Son olarak, yakında 1 haftalık bir boşluğumuz olacak, o boşlukta Helsinki ve Talinn'e gitmek istiyoruz. Gelişmeleri buraya yazıcağımdan emin olabilirsiniz. Görüşmek üzere, kendinize iyi davranmaya devam edin!

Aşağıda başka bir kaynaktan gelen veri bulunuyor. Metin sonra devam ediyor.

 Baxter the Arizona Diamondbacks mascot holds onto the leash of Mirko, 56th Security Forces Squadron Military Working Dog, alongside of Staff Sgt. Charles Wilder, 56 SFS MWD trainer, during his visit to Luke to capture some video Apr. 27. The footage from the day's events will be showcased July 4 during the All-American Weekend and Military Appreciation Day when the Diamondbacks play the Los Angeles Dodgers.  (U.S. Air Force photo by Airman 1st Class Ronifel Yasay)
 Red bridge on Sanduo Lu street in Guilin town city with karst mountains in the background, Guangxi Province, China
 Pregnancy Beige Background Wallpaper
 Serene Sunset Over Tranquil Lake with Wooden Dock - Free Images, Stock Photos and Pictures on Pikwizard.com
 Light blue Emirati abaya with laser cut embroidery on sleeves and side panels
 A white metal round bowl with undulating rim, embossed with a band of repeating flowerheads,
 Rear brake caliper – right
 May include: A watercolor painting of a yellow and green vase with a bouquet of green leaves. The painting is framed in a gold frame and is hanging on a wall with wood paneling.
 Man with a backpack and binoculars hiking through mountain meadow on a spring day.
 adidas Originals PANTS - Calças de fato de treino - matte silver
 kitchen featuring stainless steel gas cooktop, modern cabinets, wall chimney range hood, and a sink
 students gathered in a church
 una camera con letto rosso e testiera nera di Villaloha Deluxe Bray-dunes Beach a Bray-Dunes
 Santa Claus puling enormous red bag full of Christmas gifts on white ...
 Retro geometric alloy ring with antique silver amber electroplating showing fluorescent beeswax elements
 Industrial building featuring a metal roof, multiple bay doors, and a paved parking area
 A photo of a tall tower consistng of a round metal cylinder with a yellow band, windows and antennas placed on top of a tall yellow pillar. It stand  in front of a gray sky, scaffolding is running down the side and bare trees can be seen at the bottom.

Not:Çektiğim fotoğrafları paylaşmak için yeni bir instagram hesabı oluşturdum. Takip etmek isterseniz www.instagram.com/januserv  kişisel hesabımsa www.instagram.com/erva624

3 yorum:

  1. Heyecanla devamını bekliyoruz sevgili Erva

    YanıtlaSil
  2. Selam, yakın zamanda Riga'da olacağım ve bir kaç sorum var. Ailen sana nasıl para yolluyordu, en avantajlı yol neydi? Ziraat Bankamatik veya Türk banka kartlarını orada kullanmak mantıklı mı, şartlar nasıl? Teşekkürler.

    YanıtlaSil
    Yanıtlar
    1. Merhaba Sergen, gitmeden önce euro hesabı açtırman gerekiyor hibenin yatabilmesi için, benim okulum Ziraat bankası tercih ediyordu hibe için. ATM'ler kartın içindeki euro hesabını göremiyor, sadece ana hesabı görebiliyorlar. Yani hiben yattığı zaman o parayı ana hesaba aktarman gerekecek parayı çekebilmen için, bunu da internet bankacılığıyla halledebilirsin. Ailem parayı ana hesaba yolluyordu, parayı küçük bir komisyon karşılığında ATM'lerden euro olarak çekebiliyordum. Letonya'da Swedbank diye bir banka var, birkaç arkadaşım oradan kendilerine hesap açtırdılar ama ben gerek görmedim.